Cibo nemico/2 - Carla Simeoni, 43enne di Pomezia che per oltre venti anni ha vissuto nell'inferno dell'anoressia, condivide con NOIDONNE la sua esperienza
Marta Mariani Venerdi, 03/04/2015 - Articolo pubblicato nel mensile NoiDonne di Aprile 2015
Carla, secondo te che hai vissuto questa patologia, su quali fragilità psicologiche poggia il disturbo dell'anoressia? Come comincia?
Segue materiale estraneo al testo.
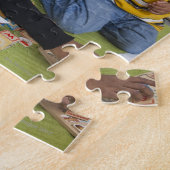 Leraar met peuter overdag legpuzzel (Zijkant)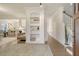 Bright hallway with hardwood floors, modern decor, and seamless flow to the living areas at 303 S Ladd Ct, Charleston, SC 29492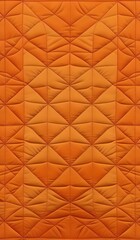 A quilt background with the color orange as its inspiration.  AI Generated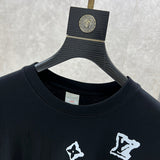 Close-up detail shot of Louis Vuitton luxury clothing with logo-detail design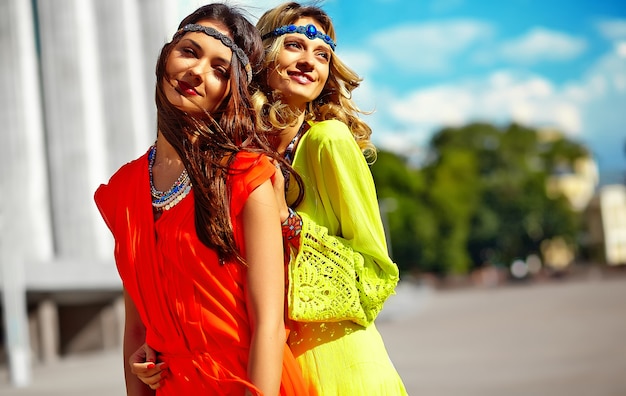 Fasonuje portret dwa młodego hipisa kobiety modeluje w letnim słonecznym dniu w jaskrawym kolorowym modnisiu odziewa
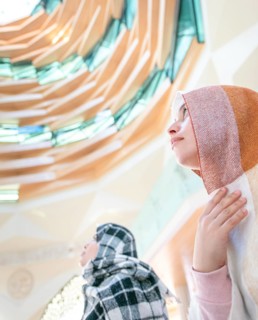 Muslim young millenial girls with scarfs during the pray in modern Marmara mosque in Istanbul.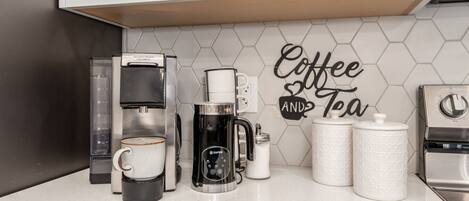 Un comptoir de cuisine avec une machine à café Hamilton Beach, une autre machine à café de la marque Rapoport, une tasse de café, un pot de sucre et un panneau indiquant « Café et thé ».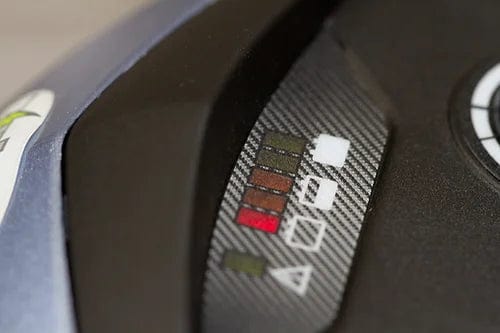 Close-up of the EW-M39 Power Scooter by E-Wheels featuring a wireless mobility indicator with five colored lights, including red and green, plus various symbols. The design complements a textured, segmented pattern in the black-framed background.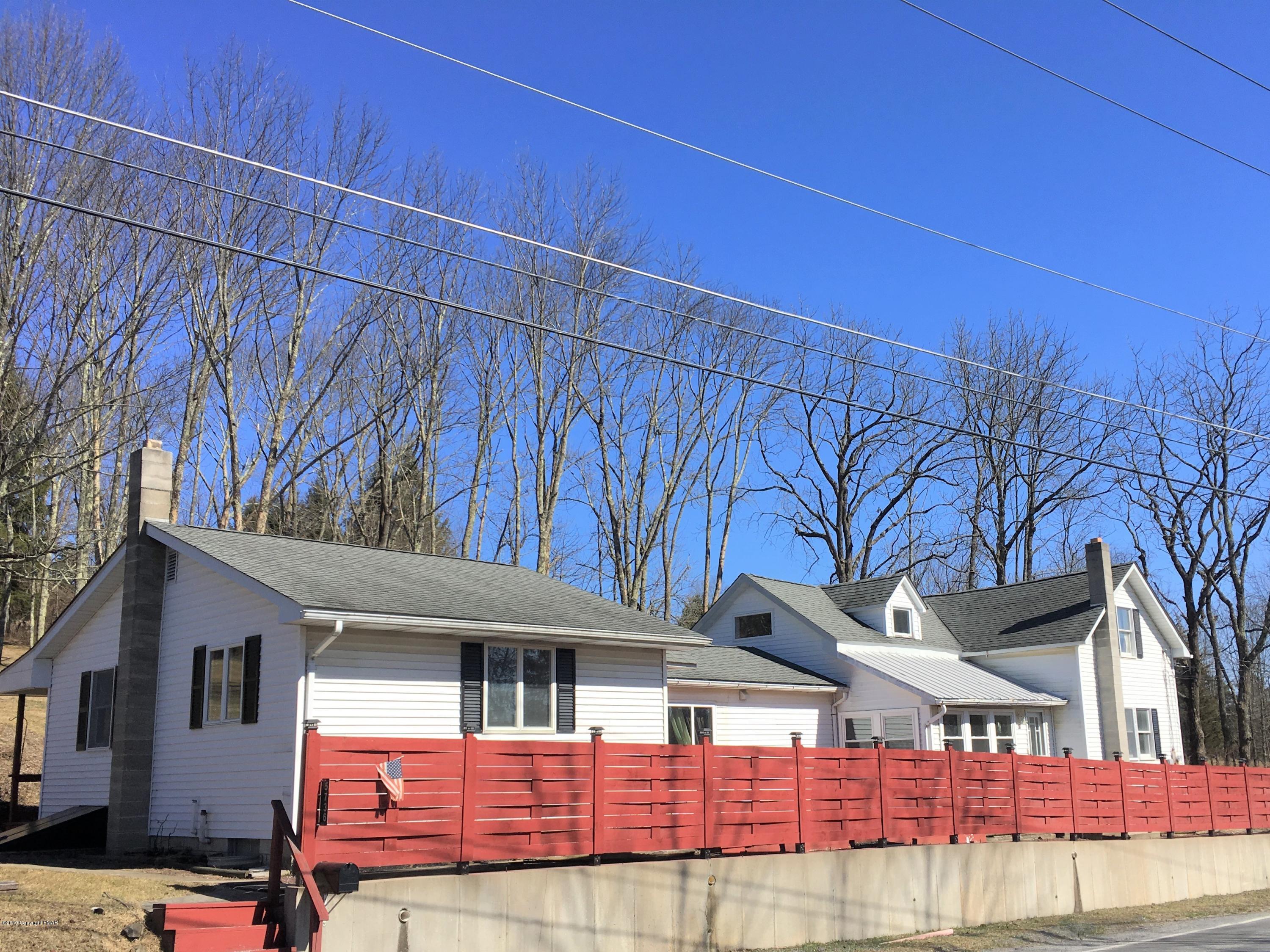 a view of a house with a street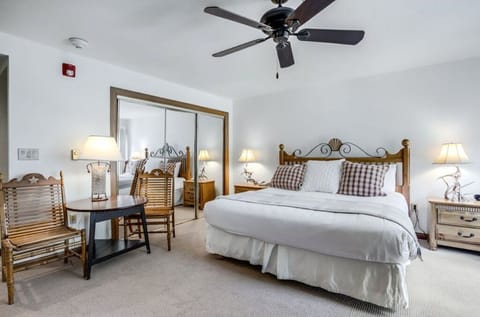 Relax in the spacious master bedroom, featuring a ceiling fan, comfortable bed, cozy decor, and ample natural light.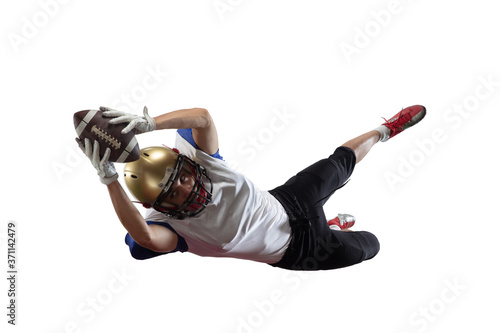 In jump, flight. American football player isolated on white studio background with copyspace. Professional sportsman during game playing in action and motion. Concept of sport, movement, achievements.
L'anoressia è una patologia terrificante, sottovalutata, trascurata, su cui mi posso ormai permettere di dire che c'è tanta disinformazione. Questo disturbo alimentare può cominciare da atteggiamenti anche molto semplici: digiuni di qualche giorno, forme di conflittualità che si evidenziano proprio a tavola, piccole ossessioni che tendono a radicarsi. Tutto comincia dalla mente. Mi ricordo che per anni e anni non facevo altro che controllare le cose che ingerivo. Sentivo potentissimo, dentro di me, il bisogno di scomparire, di dissolvermi, consumarmi poco a poco. Per me l'anoressia è stata una malattia legata soprattutto all'indipendenza e al distacco dai miei genitori. Durante l'adolescenza avvertivo una insicurezza che intaccava l'autostima, la fiducia nelle mie capacità. Mi sentivo fragile, inadeguata, indegna, incapace di affrontare le sfide della vita. E mi sembrava che controllare il cibo, digiunare, sopportare la fame, la sofferenza, la fatica fisica delle privazioni mi desse la sensazione di essere forte. Quando vedevo che riuscivo a non mangiare per settimane pur svolgendo regolarmente il nuoto, gli impegni, le attività più varie, mi sentivo onnipotente. Mi dicevo che ero capace di resistere a tutto.
Prima hai parlato di “ossessioni”. A che genere di ossessioni ti riferisci?
Una prima ossessione è certamente quella di sentirsi grassi. Mi ricordo che una volta, a 19 anni circa, rimasi molto turbata da una insinuazione di un mio amico. Mi chiedeva se fossi ingrassata. Io la presi malissimo. Fu forse quello il momento in cui scoppiò e si manifestò un disagio che certamente era già latente in me. In più, quando sono entrata nel circolo vizioso di questo disturbo mi vedevo sempre grassa (anche quando invece ero uno scheletro di 29 kg in pericolo di vita) pensavo al cibo come ad un “premio” che potevo meritare solo digiunando. Se non mangiavo per tutto il giorno, la sera potevo concedermi magari un gelato. E non senza sensi di colpa. Oltretutto, anche il fatto di meritare il gelato e di sceglierlo diventava una questione davvero spinosa e difficile. Stavo davanti al banco del gelataio anche per un'ora e mezza. Scegliere quali gusti mettere sul cono era ormai una questione di vita o di morte. La preparazione del cibo era come ritualizzata. Era un momento sacro che andava celebrato in un certo modo. Pulire e sbucciare una carota diventava un'operazione davvero maniacale. Tutte le persone anoressiche hanno, è evidente, una tenacia pazzesca, che però è a servizio dell'autodistruzione e che quindi non può portare a niente di buono finché non viene devoluta a vantaggio di se stessi.
Deve essere stato un periodo davvero tragico, di grande solitudine, in cui ti sarai certamente sentita anni luce lontana da chiunque.
Sì. Cinque anni buoni della mia vita li ho passati distesa sul letto. Da sola. Ho perso tutte le amicizie che avevo. E ora, da ex malata, mi rendo conto di quanto possa essere difficile stare accanto ad una persona anoressica. L'anoressia mi ha insegnato molte cose, ad esempio: quanti disagi di carattere psicologico, familiare e sociale si possono riversare sul cibo. Il rapporto con il cibo, infatti, è solo un sintomo, un picco emergenziale di cose ben più grandi. Dietro il mio disturbo c'era un mondo, un mondo difficile naturalmente, fatto di dolore, di “pesi” e difficoltà familiari che io mi sono come sobbarcata e che ho voluto manifestare in questo modo. Oggi, a tutte le persone che si avviano per questa strada sofferta e accidentata ricorderei che chiedere aiuto non vuol dire essere fragili, ma vuol dire rendersi capaci di reagire e superare le difficoltà.